Revise Desirable Thoughts: Push yourself past the complaining mind & practice contemplative thinking.

Think New Thoughts: Try new ways of thinking.

Feed Your Mind: Feed the mind a good diet of wisdom, inspiration & knowledge.

Physical Exercise: Exercise releases pleasure chemicals that supercharge our thinking.

Why Negative Thoughts Arise

1. Overgeneralization: We make a general assumption based on a single incident.

2. Fallacy of Fairness: We feel that life should be fair.

3. Expecting a Catastrophe: We expect the worst to happen.

4. Filtering Out Positives: We take negative details of a situation and make mountains out of them, while forgetting all the positive aspects.

5. Imagined Mind Reading: The thought process where we are sure we know what another person is thinking. And typically, we assume it is something negative about us.

6. Labelling: We observe a particular behaviour by a person and apply a tag.
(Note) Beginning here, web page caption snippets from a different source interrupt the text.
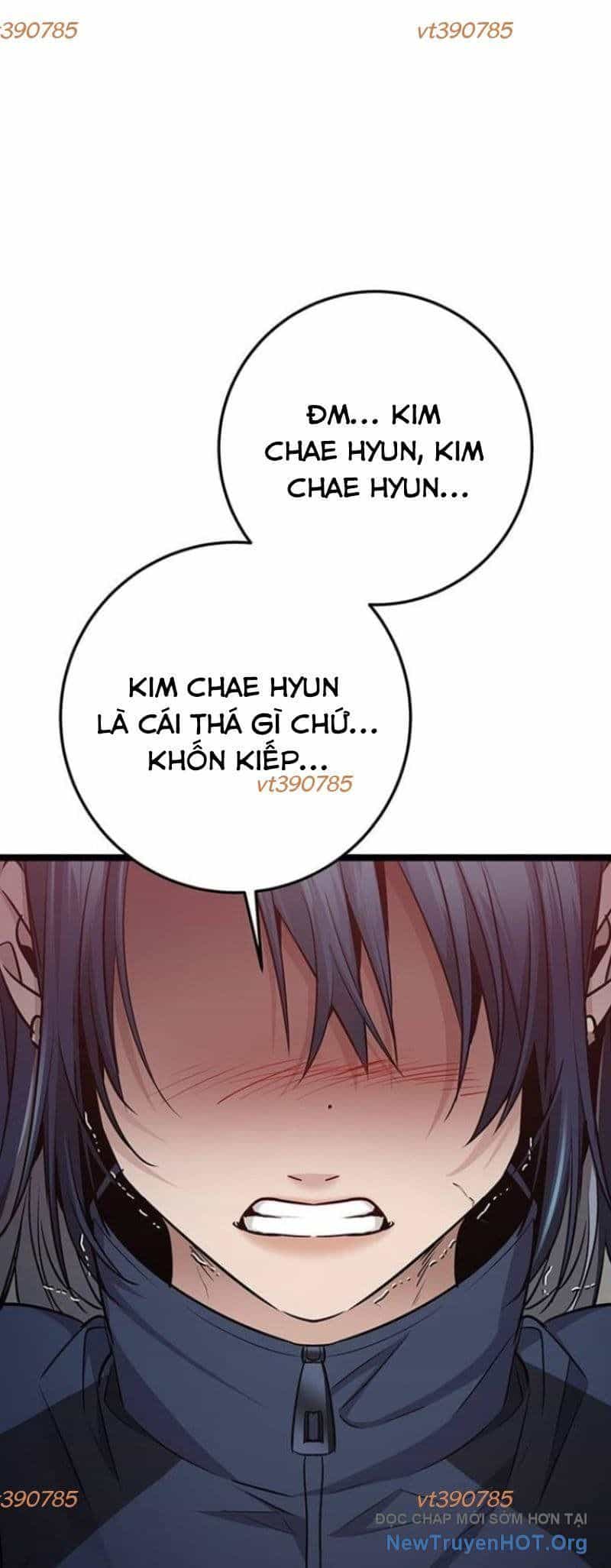 Vương Hậu Đi Học - Chương 49 - ảnh 69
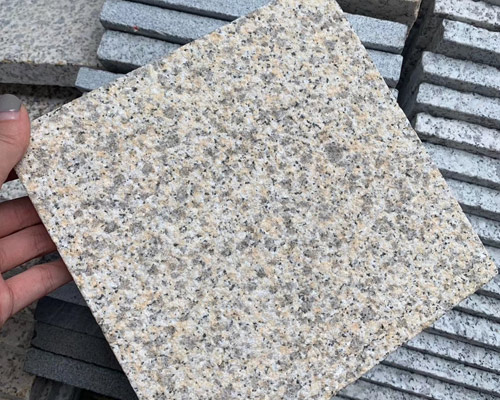 守護(hù)您的家園：屋頂防水的重要性(圖3)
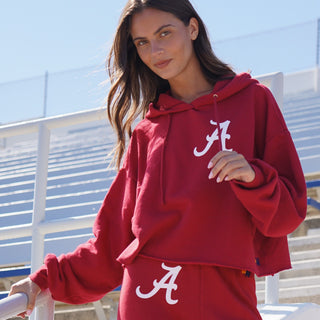 Alabama Officially Licensed Merchandise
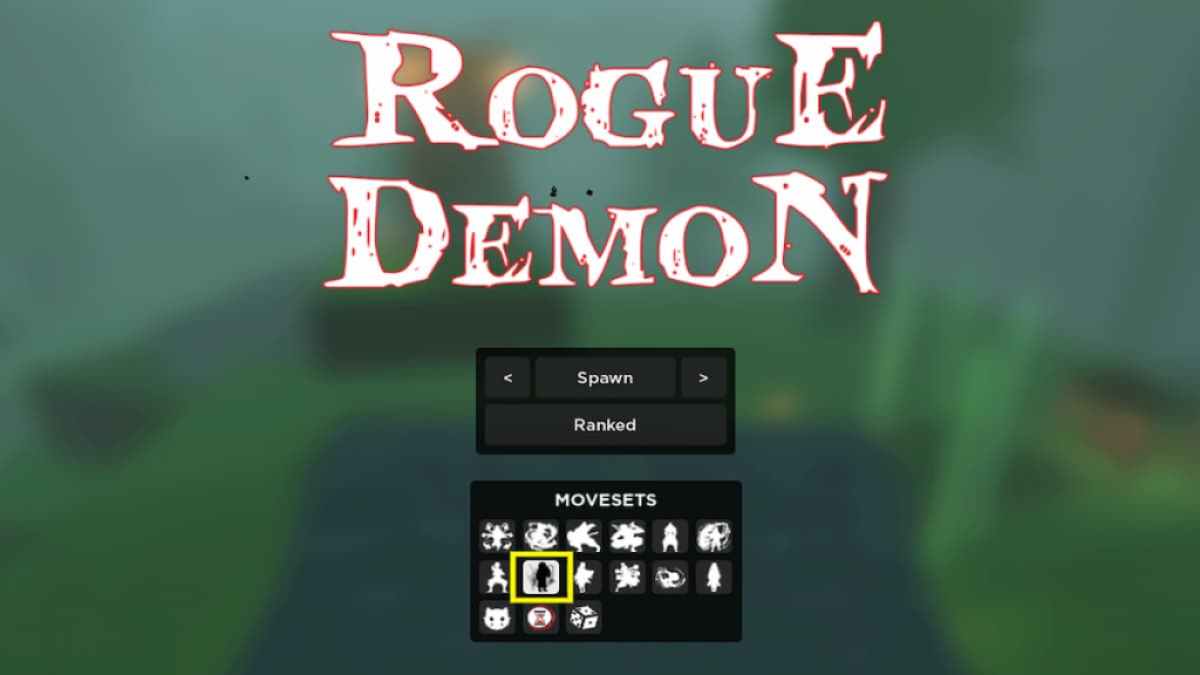 What is the Rogue Demon Trello Link? - Pro Game Guides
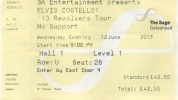 2013-06-12 Gateshead ticket.jpg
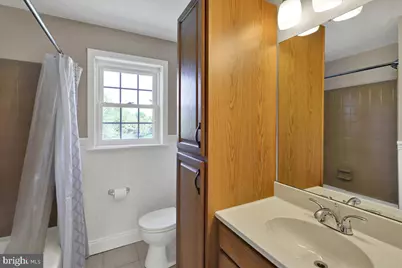2236 Hopewell Road, Elverson, PA 19520 - Photo 18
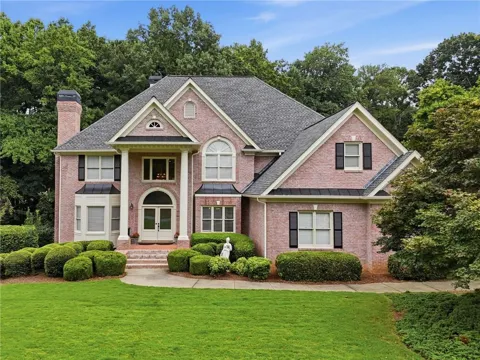 12125 Helleri Hollow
Reason for Negative Thoughts Part 2

7. Personalization: We assume personal blame for things that are outside our control.

8. Blaming: We engage in blaming others, saying that they are responsible for our emotional pain.

9. Imperative Thinking: We set the bar high and then project our expectations onto others. And when people do not match up, we detest them for it.

10. Polarized Thinking: This is all-or-nothing thinking that we must be fully successful or else we will be absolute failures.

11. Emotional Reasoning: We think that if we feel something is true, then it must be true.

12. Finger Pointing: This thinking is filled with fault finding in others.